Instructions to follow = From the entries below, copy exactly the lines from the one that contains "Přírodní bidýlko ve" through the one that contains "成約済の神奈川県のティーカッププードル-446856の6枚目", both included, and only those.
━━━━━━━━
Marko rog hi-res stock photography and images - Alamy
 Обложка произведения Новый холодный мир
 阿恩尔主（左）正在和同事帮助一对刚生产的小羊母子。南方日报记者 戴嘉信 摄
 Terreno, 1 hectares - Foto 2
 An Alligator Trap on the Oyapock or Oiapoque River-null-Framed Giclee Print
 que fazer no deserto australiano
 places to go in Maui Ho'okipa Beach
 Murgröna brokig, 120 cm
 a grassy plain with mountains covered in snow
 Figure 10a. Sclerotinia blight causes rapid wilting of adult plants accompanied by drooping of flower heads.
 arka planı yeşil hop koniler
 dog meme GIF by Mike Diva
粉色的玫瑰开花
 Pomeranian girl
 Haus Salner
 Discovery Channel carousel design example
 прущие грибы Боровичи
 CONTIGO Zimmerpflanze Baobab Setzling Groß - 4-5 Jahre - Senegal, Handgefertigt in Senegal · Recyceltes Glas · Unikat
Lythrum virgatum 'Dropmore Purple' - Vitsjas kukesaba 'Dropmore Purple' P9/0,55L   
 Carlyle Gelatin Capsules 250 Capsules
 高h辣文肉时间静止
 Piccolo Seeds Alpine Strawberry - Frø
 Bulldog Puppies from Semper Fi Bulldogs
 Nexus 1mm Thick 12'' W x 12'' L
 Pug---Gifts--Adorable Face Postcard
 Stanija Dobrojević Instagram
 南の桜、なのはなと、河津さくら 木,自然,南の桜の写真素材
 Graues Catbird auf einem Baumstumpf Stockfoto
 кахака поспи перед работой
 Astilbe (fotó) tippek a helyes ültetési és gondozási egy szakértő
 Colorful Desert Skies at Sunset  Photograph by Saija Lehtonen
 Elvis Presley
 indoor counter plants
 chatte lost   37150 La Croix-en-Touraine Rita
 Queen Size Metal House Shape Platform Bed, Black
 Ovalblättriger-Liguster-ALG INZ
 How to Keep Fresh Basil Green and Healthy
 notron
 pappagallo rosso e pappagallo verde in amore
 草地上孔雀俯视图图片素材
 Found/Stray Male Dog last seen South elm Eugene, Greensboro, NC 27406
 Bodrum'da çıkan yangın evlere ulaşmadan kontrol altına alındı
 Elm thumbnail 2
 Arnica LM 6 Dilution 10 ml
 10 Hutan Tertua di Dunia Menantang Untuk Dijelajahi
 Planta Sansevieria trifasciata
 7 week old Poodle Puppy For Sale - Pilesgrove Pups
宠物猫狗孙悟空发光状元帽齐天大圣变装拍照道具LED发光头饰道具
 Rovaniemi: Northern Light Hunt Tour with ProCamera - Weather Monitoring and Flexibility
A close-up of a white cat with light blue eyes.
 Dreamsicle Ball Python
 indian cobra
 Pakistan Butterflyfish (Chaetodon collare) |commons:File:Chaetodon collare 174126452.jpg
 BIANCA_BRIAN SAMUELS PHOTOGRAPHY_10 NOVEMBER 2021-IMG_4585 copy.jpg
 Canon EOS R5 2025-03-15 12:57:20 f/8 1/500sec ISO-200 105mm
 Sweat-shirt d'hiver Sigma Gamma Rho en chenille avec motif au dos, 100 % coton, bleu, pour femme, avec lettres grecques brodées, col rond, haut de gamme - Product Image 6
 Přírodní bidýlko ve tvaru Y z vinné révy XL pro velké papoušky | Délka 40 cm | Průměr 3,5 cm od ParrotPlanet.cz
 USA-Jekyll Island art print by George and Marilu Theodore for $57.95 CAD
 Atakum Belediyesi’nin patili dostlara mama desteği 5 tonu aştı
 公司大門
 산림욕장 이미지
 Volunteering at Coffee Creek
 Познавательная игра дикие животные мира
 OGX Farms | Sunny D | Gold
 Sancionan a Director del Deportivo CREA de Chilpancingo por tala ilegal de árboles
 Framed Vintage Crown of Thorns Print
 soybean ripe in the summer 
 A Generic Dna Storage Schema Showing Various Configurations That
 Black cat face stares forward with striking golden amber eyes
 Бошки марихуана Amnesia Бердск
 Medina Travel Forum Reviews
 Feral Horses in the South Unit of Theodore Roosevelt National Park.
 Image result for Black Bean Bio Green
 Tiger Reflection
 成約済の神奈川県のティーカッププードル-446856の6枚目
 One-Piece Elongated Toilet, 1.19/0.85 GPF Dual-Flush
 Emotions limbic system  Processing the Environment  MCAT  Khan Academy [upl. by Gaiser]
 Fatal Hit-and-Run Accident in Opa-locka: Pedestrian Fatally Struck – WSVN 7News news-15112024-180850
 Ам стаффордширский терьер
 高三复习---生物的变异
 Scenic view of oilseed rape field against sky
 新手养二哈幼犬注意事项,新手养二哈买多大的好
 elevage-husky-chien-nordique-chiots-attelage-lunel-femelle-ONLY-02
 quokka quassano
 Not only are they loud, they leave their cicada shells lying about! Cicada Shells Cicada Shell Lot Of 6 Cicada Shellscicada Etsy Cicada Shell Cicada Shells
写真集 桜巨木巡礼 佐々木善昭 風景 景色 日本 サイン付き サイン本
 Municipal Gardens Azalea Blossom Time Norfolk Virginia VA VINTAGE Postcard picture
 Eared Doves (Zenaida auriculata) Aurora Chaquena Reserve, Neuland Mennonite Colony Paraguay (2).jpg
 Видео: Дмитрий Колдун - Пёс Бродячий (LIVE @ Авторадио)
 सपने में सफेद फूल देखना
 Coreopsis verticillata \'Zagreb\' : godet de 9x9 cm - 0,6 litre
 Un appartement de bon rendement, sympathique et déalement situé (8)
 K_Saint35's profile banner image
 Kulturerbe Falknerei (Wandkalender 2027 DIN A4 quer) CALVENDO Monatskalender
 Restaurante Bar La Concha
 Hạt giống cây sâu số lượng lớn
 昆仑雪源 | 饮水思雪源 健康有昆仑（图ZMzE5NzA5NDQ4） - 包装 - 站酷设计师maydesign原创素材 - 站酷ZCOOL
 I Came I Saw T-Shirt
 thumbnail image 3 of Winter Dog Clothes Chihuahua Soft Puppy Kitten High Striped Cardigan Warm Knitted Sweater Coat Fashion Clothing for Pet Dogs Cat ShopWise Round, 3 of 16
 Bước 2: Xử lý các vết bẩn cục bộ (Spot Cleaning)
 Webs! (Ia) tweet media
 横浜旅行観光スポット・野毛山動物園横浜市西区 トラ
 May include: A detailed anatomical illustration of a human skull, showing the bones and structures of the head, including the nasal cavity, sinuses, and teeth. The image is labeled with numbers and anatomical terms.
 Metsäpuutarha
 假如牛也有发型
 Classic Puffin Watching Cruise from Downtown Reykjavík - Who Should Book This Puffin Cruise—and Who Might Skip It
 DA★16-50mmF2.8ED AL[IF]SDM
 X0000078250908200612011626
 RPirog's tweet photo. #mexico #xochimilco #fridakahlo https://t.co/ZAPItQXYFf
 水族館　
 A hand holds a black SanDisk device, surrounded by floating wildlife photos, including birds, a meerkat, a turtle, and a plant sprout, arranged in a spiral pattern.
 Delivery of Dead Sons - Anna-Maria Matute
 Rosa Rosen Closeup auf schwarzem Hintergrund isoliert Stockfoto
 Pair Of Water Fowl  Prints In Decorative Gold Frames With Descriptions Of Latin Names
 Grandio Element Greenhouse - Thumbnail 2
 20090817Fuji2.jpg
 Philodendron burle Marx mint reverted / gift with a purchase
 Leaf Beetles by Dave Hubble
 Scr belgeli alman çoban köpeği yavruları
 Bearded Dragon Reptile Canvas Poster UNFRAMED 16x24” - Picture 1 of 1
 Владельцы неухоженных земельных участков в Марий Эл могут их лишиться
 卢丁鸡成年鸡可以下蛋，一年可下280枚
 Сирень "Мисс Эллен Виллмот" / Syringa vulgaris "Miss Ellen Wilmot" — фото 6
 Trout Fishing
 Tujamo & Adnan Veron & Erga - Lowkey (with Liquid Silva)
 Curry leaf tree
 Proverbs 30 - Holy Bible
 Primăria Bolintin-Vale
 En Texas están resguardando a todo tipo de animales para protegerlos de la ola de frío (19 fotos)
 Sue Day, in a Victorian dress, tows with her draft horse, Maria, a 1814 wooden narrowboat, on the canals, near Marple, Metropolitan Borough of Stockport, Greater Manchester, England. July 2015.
━━━━━━━━
Answer space =
 Přírodní bidýlko ve tvaru Y z vinné révy XL pro velké papoušky | Délka 40 cm | Průměr 3,5 cm od ParrotPlanet.cz
 USA-Jekyll Island art print by George and Marilu Theodore for $57.95 CAD
 Atakum Belediyesi’nin patili dostlara mama desteği 5 tonu aştı
 公司大門
 산림욕장 이미지
 Volunteering at Coffee Creek
 Познавательная игра дикие животные мира
 OGX Farms | Sunny D | Gold
 Sancionan a Director del Deportivo CREA de Chilpancingo por tala ilegal de árboles
 Framed Vintage Crown of Thorns Print
 soybean ripe in the summer 
 A Generic Dna Storage Schema Showing Various Configurations That
 Black cat face stares forward with striking golden amber eyes
 Бошки марихуана Amnesia Бердск
 Medina Travel Forum Reviews
 Feral Horses in the South Unit of Theodore Roosevelt National Park.
 Image result for Black Bean Bio Green
 Tiger Reflection
 成約済の神奈川県のティーカッププードル-446856の6枚目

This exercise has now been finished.